Data listing below:
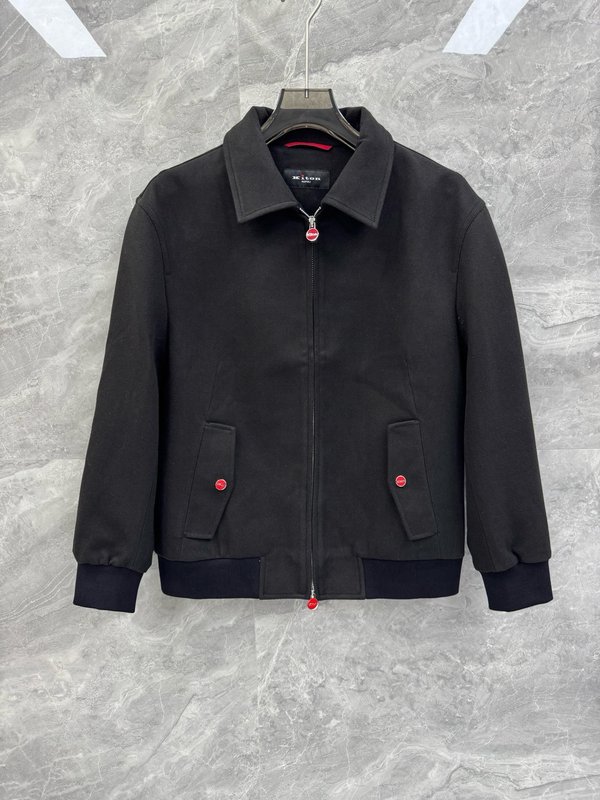Kiton 올드머니 스타일 울 플립 칼라 자켓 001-216288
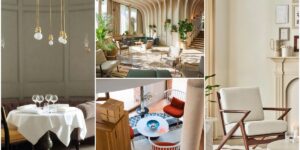 Mẫu màu Cloud Dancer Pantone 2026 tạo nền xanh dịu nhẹ - nguồn từ luxuo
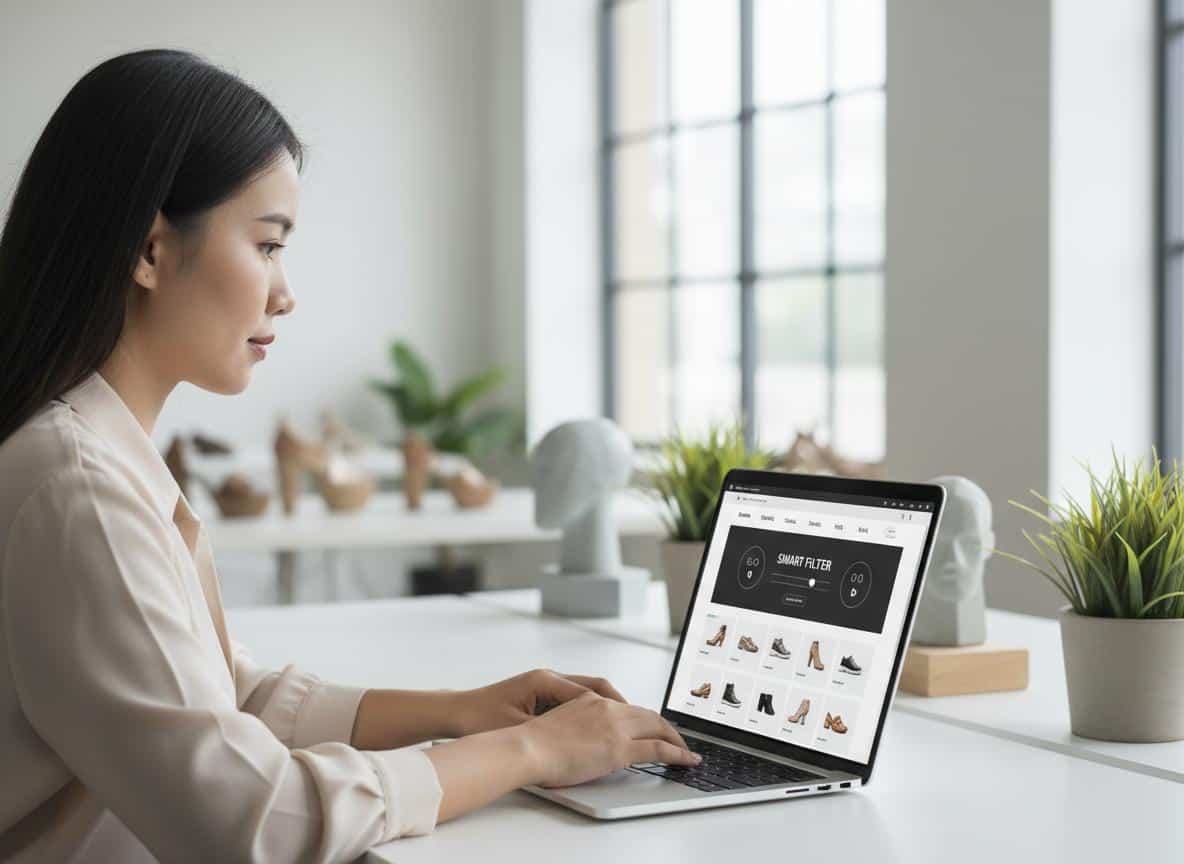 Làm website shop giày dép có tính năng lọc sản phẩm thông minh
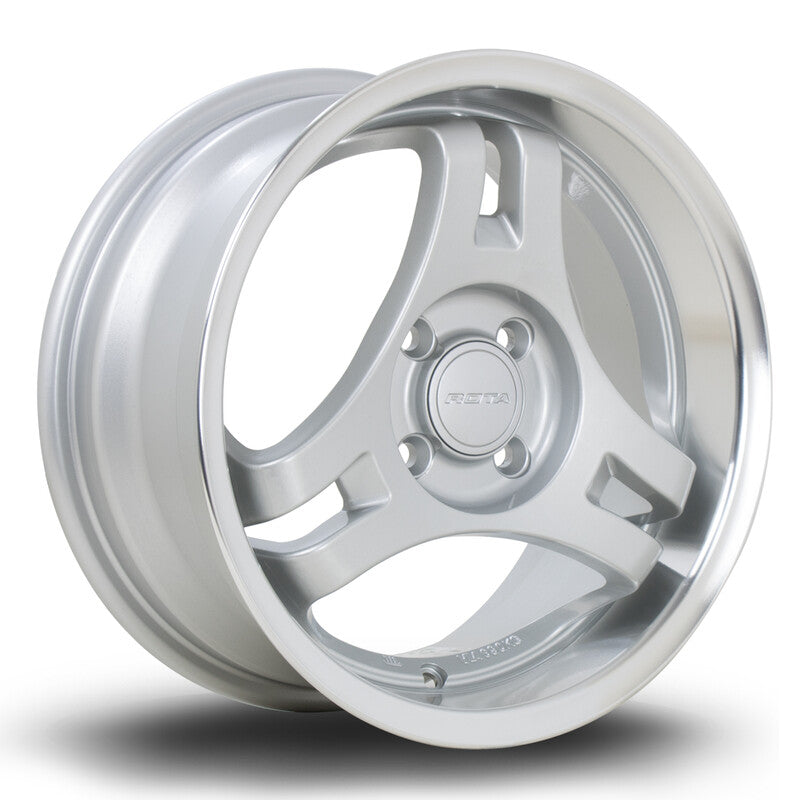 Carica immagine in Galleria Viewer, Cerchio Rota HM3 7x15 4x100 ET40 - Argento lucidato

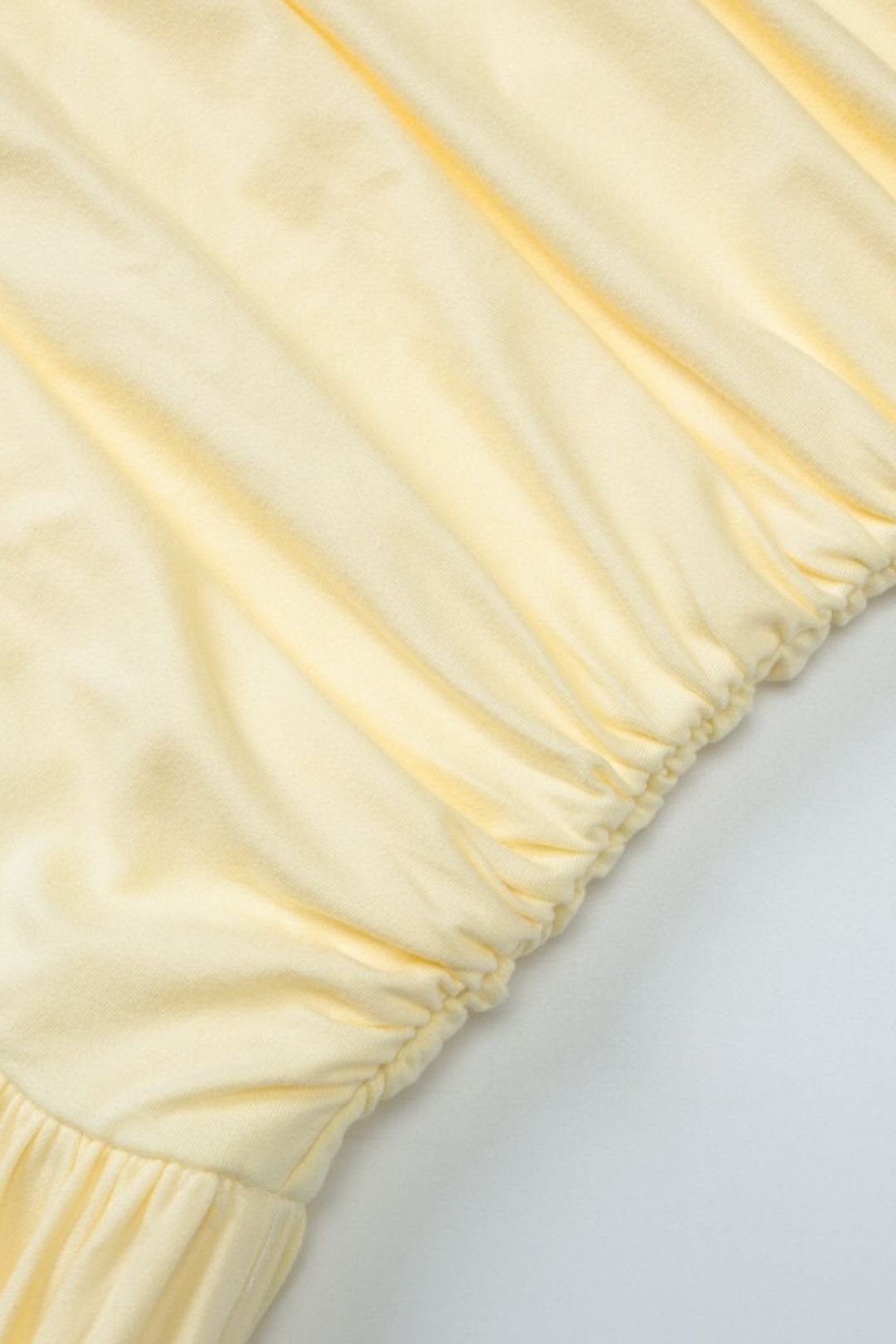 Sexy V-neck Solid Color Fresh Style Slim Fit Short Princess Long Sleeve Dress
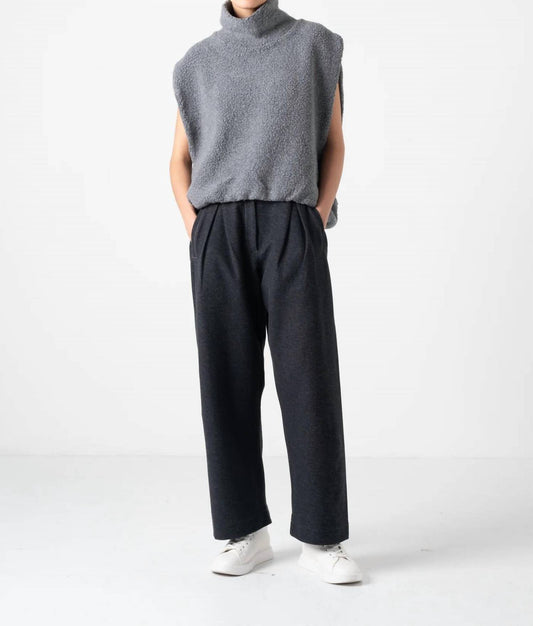 Cog The Big Smoke - Krystal High Neck Sheep Pile Gilet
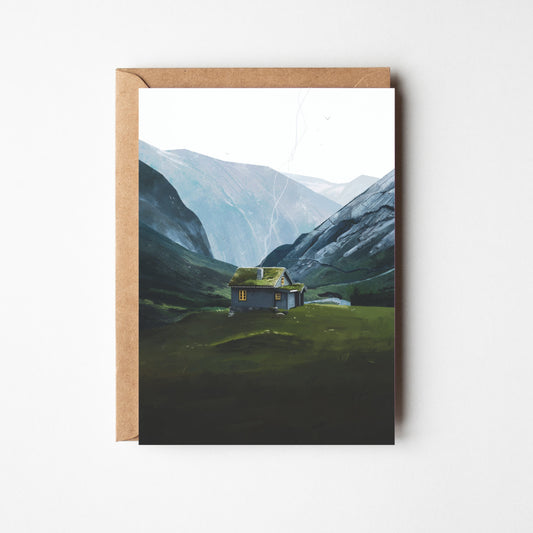 Stryn Saeter Greeting Card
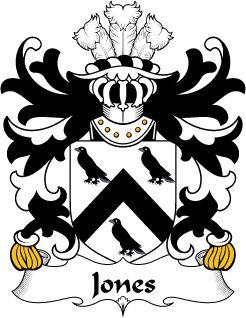 Family Crest 6 Decal Welsh Armorial Jones of Aberma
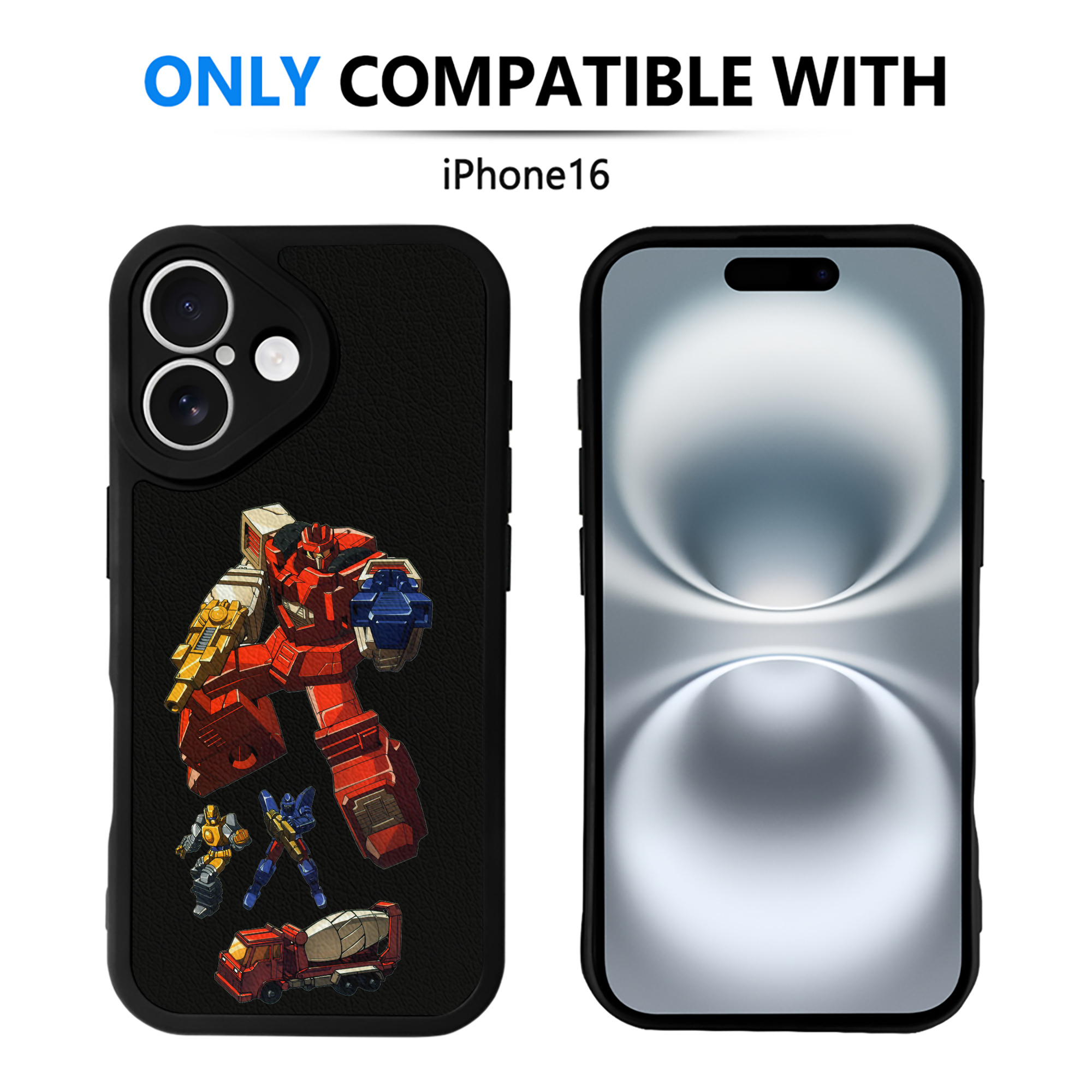 （画像用）  【iPhone 16シリーズ対応】シリコンスマホケース（レザー調） 材質：シリコン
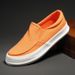 Men's slip-on breathable canvas shoes classic fashion fashion soft and comfortable set foot shoes_voghion.com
End of Data listing.
▶ _Required action_: Only the lines from the one holding "Cog The Big" to the last line of the entries above should be printed, exactly as they appear and with no pictures.

▶ _Result of this task_:
 Cog The Big Smoke - Krystal High Neck Sheep Pile Gilet
 Stryn Saeter Greeting Card
 Family Crest 6 Decal Welsh Armorial Jones of Aberma
 （画像用）  【iPhone 16シリーズ対応】シリコンスマホケース（レザー調） 材質：シリコン
 Men's slip-on breathable canvas shoes classic fashion fashion soft and comfortable set foot shoes_voghion.com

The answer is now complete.